**Requirement:** All of the data must be written out verbatim, with pictures excluded.

**Source records:**
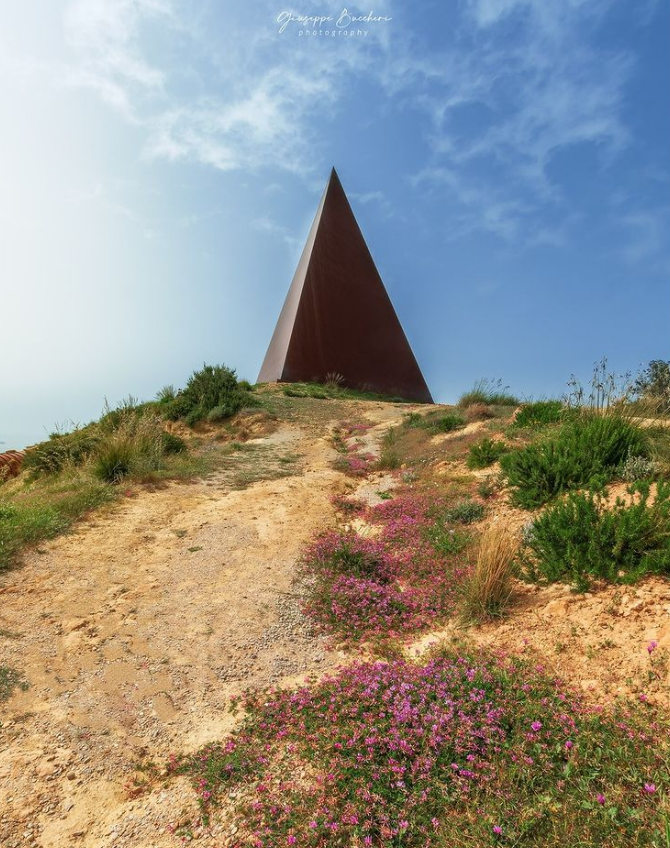 VisitSicilyOP's tweet photo. La Piramide 38° Parallelo fa parte di Fiumara d'Arte, una galleria open air lungo che dalla costa tirrenica si  addentra nel cuore del @ParcoNebrodi. Alta 30 m. è squarciata da una fessura da cui, al tramonto, penetra la luce.
📷Rocknprog
#visitsicilyinfo #mottadaffermo #messina https://t.co/QEdpkRRvna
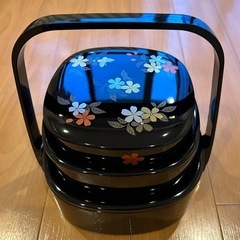 森英恵シツクシツキ　お重３段お祝いの画像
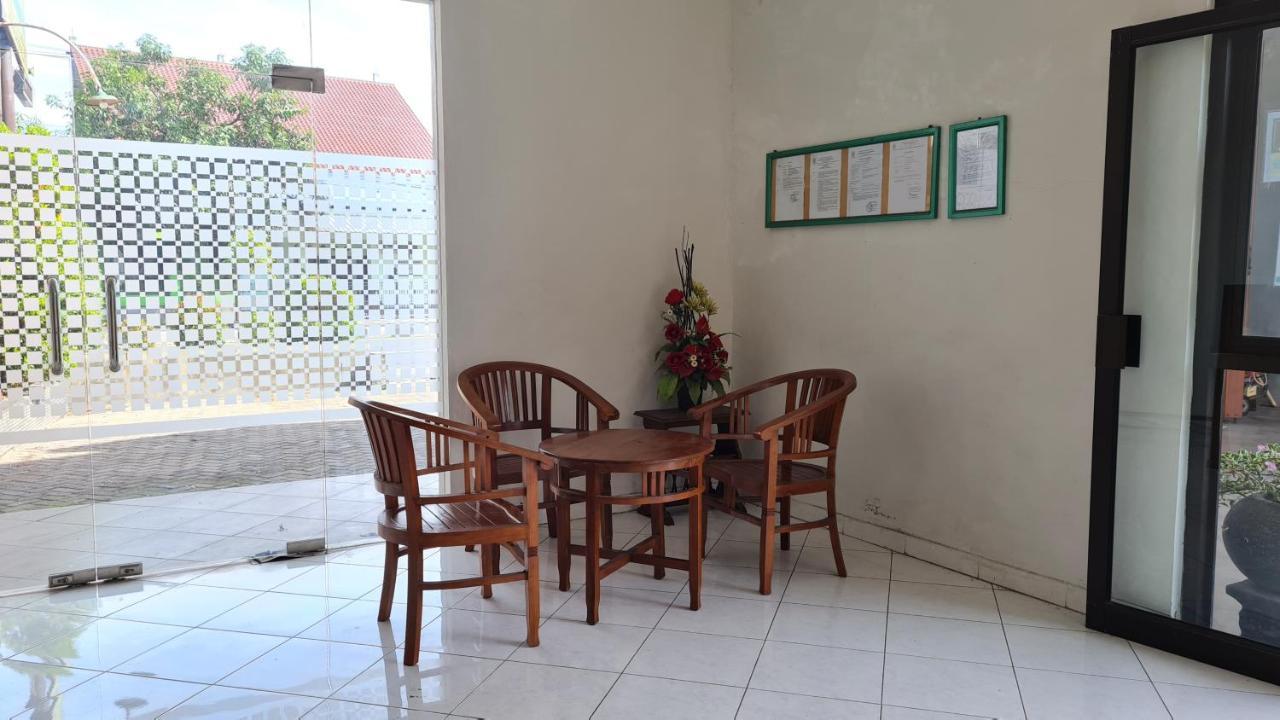 Oyo 90831 Hotel Gardenia Prambanan Yogyakarta Exterior foto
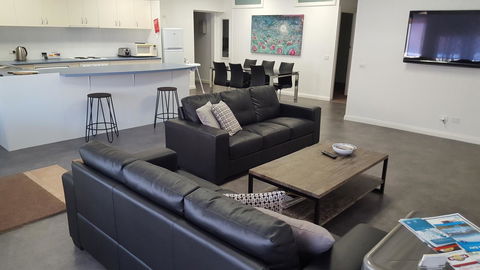 Aart Apartments - New Castle Holiday 7
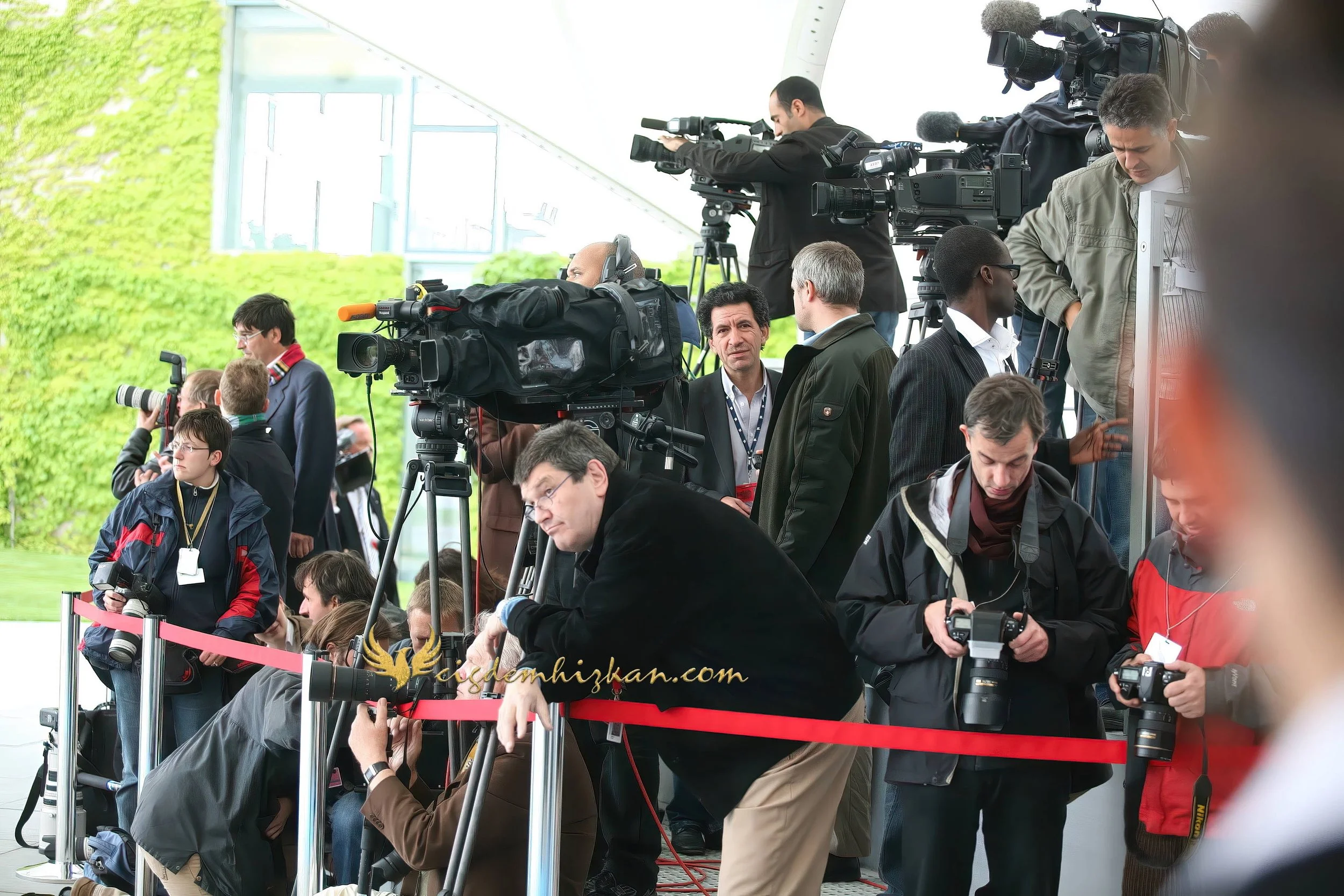 Chancellor Angela Merkel and President Nicolas Sarkozy - Berlin Bundestag 2007 - "Merkozy": Franco-German Relations - Sarkozy's inaugural visit to Berlin - Presse
- Politics & Diplomacy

**Solution to the problem:**
 VisitSicilyOP's tweet photo. La Piramide 38° Parallelo fa parte di Fiumara d'Arte, una galleria open air lungo che dalla costa tirrenica si  addentra nel cuore del @ParcoNebrodi. Alta 30 m. è squarciata da una fessura da cui, al tramonto, penetra la luce.
📷Rocknprog
#visitsicilyinfo #mottadaffermo #messina https://t.co/QEdpkRRvna
 森英恵シツクシツキ　お重３段お祝いの画像
 Oyo 90831 Hotel Gardenia Prambanan Yogyakarta Exterior foto
 Aart Apartments - New Castle Holiday 7
 Chancellor Angela Merkel and President Nicolas Sarkozy - Berlin Bundestag 2007 - "Merkozy": Franco-German Relations - Sarkozy's inaugural visit to Berlin - Presse
- Politics & Diplomacy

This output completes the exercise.